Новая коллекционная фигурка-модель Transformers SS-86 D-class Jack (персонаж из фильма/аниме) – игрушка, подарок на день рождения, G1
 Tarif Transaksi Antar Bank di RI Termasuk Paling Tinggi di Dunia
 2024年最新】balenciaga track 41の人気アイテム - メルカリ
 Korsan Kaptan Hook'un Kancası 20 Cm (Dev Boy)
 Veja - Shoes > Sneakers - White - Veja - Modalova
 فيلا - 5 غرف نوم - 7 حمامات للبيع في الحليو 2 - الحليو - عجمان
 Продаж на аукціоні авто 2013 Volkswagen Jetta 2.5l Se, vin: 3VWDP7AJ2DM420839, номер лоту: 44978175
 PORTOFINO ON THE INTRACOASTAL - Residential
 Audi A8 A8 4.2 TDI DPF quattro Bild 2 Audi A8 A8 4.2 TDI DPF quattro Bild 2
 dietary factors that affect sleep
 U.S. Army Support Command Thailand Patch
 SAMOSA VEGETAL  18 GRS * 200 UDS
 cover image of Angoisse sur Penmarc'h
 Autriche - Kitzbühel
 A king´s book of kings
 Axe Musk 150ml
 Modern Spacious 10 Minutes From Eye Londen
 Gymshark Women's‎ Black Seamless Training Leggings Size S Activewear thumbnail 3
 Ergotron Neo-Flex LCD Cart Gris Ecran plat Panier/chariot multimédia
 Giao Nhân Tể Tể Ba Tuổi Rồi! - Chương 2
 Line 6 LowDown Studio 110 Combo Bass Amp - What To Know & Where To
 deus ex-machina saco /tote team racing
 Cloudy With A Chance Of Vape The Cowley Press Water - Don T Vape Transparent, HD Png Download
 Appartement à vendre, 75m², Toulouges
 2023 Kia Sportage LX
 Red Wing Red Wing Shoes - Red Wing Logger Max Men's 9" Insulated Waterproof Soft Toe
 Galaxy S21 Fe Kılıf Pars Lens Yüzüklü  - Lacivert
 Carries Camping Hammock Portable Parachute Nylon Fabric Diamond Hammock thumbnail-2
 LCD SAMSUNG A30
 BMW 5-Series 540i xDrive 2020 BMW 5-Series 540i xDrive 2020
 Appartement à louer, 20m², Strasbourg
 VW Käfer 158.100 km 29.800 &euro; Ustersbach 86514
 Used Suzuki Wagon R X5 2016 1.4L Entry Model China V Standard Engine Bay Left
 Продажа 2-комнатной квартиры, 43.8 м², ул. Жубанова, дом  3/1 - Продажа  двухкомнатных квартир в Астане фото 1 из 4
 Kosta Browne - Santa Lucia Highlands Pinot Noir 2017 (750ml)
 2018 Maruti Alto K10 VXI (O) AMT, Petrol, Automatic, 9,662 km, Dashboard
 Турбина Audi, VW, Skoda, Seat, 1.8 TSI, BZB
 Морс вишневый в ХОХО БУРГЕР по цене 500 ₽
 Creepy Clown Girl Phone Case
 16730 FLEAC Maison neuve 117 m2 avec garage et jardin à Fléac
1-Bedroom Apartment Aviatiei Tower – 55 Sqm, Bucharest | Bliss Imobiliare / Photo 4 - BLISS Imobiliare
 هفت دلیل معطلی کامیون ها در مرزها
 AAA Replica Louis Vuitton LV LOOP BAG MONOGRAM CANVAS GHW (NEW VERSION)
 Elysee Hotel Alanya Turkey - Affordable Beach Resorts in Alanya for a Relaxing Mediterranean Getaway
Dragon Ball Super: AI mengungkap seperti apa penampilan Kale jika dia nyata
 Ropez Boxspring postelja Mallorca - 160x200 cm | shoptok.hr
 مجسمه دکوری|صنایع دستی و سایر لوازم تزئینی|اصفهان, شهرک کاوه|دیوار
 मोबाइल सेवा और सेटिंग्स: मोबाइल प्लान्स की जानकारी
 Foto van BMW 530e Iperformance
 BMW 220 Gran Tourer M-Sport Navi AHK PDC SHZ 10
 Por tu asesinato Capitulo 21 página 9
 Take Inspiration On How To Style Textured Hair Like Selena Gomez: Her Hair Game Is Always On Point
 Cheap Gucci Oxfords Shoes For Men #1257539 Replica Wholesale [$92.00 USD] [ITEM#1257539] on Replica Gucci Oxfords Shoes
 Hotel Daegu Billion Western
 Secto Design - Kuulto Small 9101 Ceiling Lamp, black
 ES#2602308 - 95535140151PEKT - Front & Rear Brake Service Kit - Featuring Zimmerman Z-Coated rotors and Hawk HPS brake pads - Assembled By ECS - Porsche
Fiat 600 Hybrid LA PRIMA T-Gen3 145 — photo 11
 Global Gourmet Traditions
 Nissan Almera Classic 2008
#####
**WORK REQUEST:** A single number is the whole answer: how many lines in the listing contain "Shoes"?

**SOLUTION TO THIS EXERCISE:** 3